Added to config/skills.yaml:

automation_poll_interval_seconds: 60
automation_min_interval_default_seconds: 300
automation_failure_pause_threshold: 5
automation_max_cost_per_run_default_usd: 2.0

P5.4 Dependency

  • croniter>=2.0.0 (new) — pure-Python cron parser, no C extensions.

P5.5 Wiring

When skill_system.enabled = true, the FastAPI lifespan instantiates: - AutomationRepository(db.connection) - AutomationDispatcher(router, executor_factory=None, budget_guard, alert_evaluator, cron, notifier, config) - AutomationScheduler(repo, dispatcher, poll_interval_seconds)

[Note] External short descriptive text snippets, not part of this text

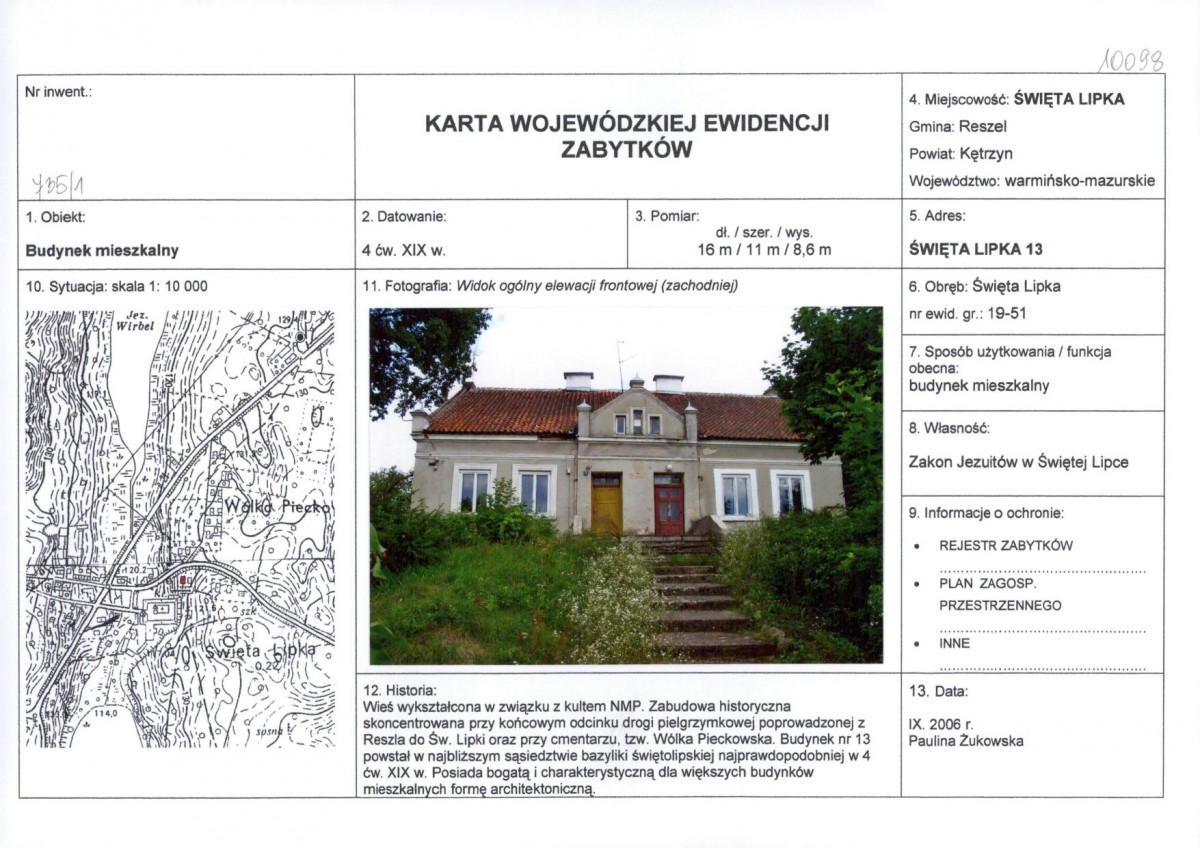 Karta obiektu niewpisanego do rejestru, skan nr 1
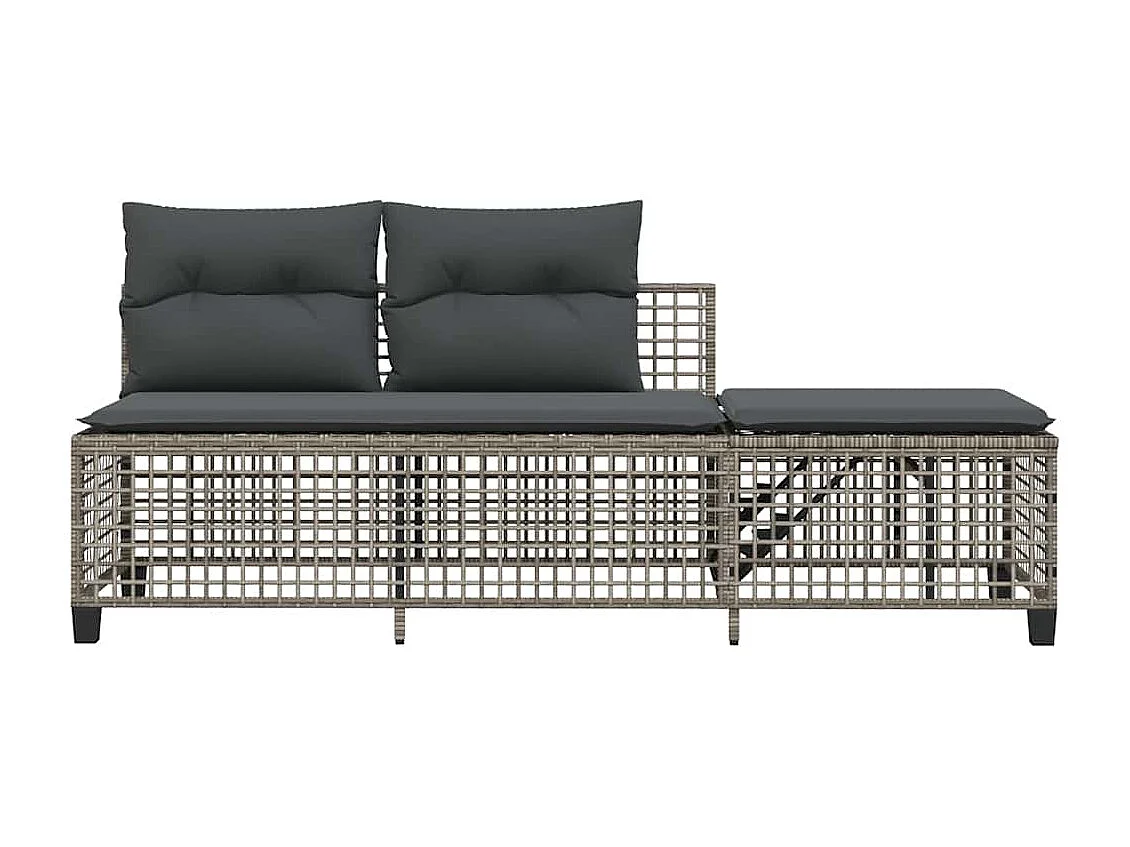 Salon de jardin d'angle avec coussins 3 pcs gris résine tressée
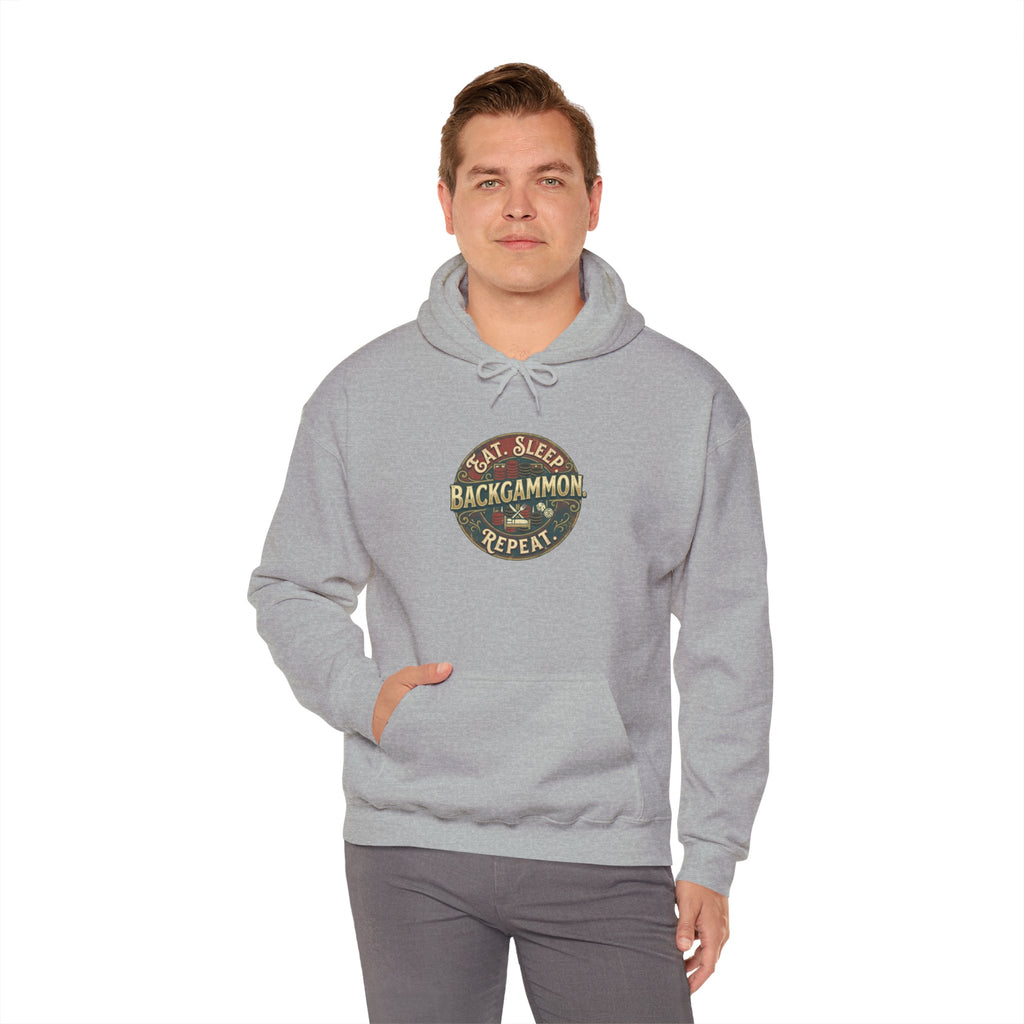 Eat. Sleep. Backgammon. Repeat. Unisex Heavy Blend™ Hooded Sweatshirt - Vintage Game Night Sweatshirt
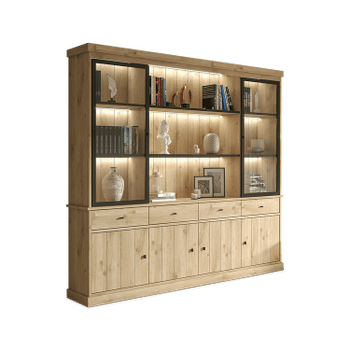 Vitrinekast CASTELLO 2 Glasdeuren / 3 Nissen B240  Lichte Eik Vitrinekast CASTELLO 2 Glasdeuren / 3 Nissen B240  Lichte Eik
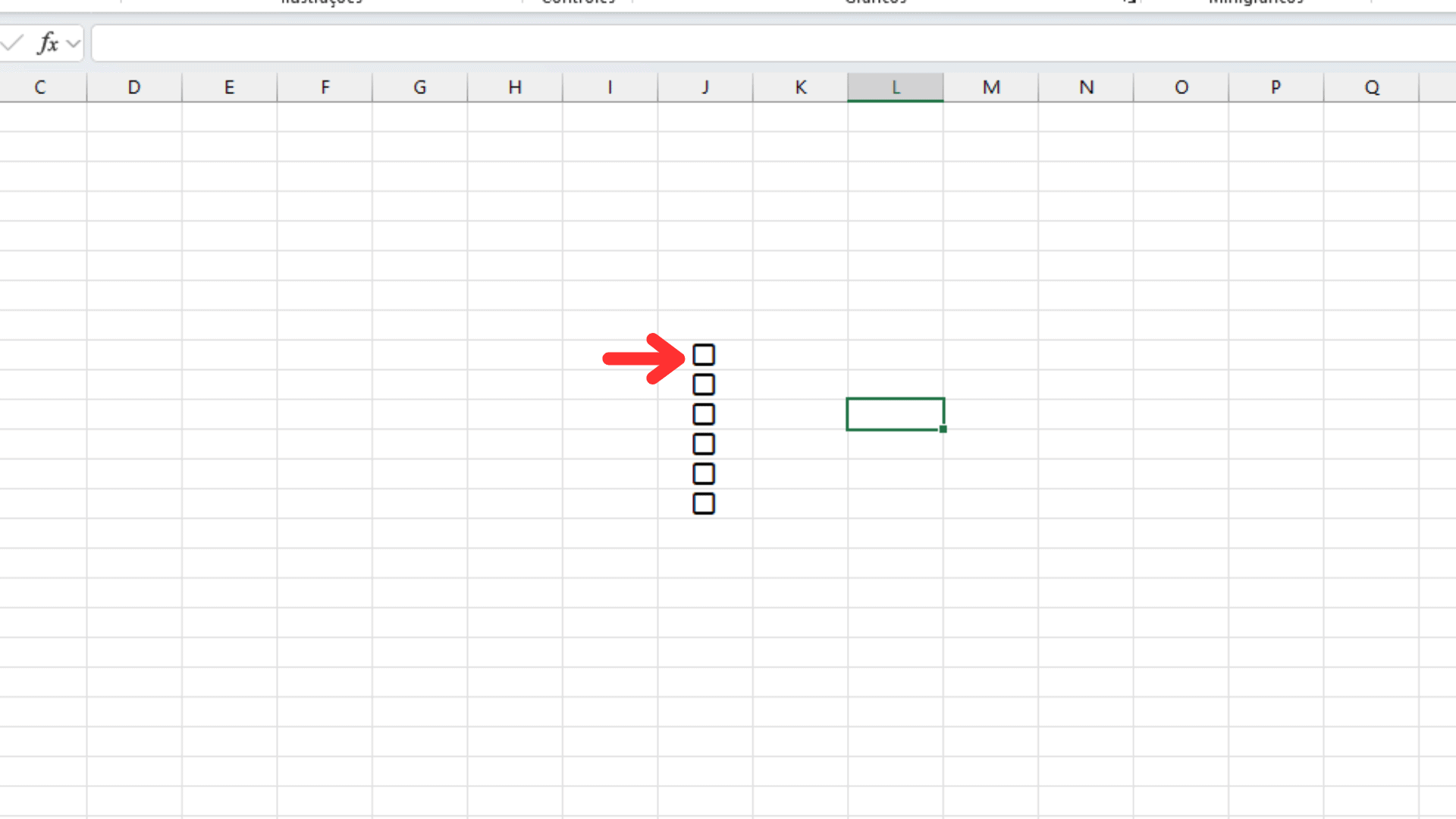 Como colocar caixa de seleção no Excel. Imagem: Reprodução/TechBlog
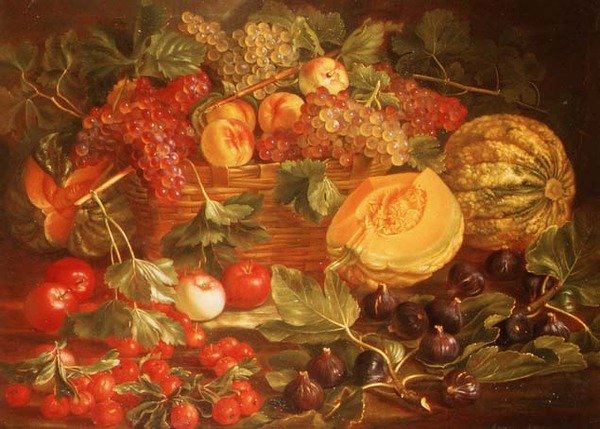 Stilleben med frugt af Maximilian Pfeiler or Pfeiller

The scheduler runs as an asyncio.create_task(scheduler.run_forever()) alongside the existing AsyncCronScheduler from Phase 4. Shutdown calls scheduler.stop() + task.cancel().

P5.6 New API routes

All under /admin/automations:

  • GET /admin/automations — list (filters: status, capability_name, limit, offset)
  • GET /admin/automations/{id} — single detail
  • POST /admin/automations — create
  • PATCH /admin/automations/{id} — edit
  • POST /admin/automations/{id}/pause — set status=paused
  • POST /admin/automations/{id}/resume — set status=active + recompute next_run_at
  • DELETE /admin/automations/{id} — soft delete (status=deleted)
  • POST /admin/automations/{id}/run-now — dispatch immediately (manual + force-run)
  • GET /admin/automations/{id}/runs — run history

P5.7 Planned Enhancements

Event-triggered automations (OOS-1), automation composition (OOS-3), cross-user sharing (OOS-7), dashboard UI, and Discord natural-language creation are tracked in the open backlog.